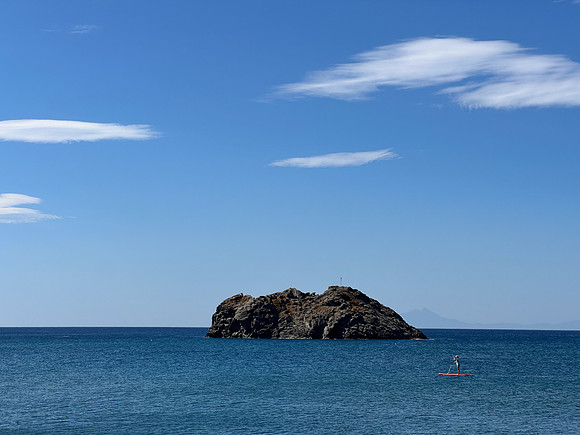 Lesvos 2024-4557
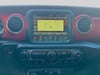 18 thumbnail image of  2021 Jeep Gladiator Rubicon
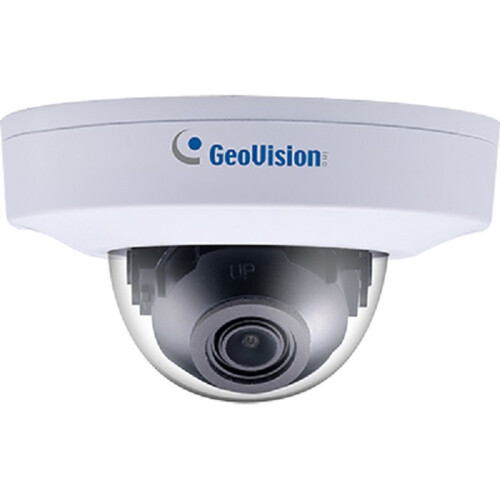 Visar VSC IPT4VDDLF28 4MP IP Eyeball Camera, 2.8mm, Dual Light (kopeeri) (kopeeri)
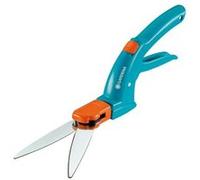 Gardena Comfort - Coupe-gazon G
==============================
Required work. Exactly as written, set down the lines from the line holding "Visar VSC IPT4VDDLF28" to the last line of the data, both ends included, pictures excluded.

Written solution.
 Visar VSC IPT4VDDLF28 4MP IP Eyeball Camera, 2.8mm, Dual Light (kopeeri) (kopeeri)
 Gardena Comfort - Coupe-gazon G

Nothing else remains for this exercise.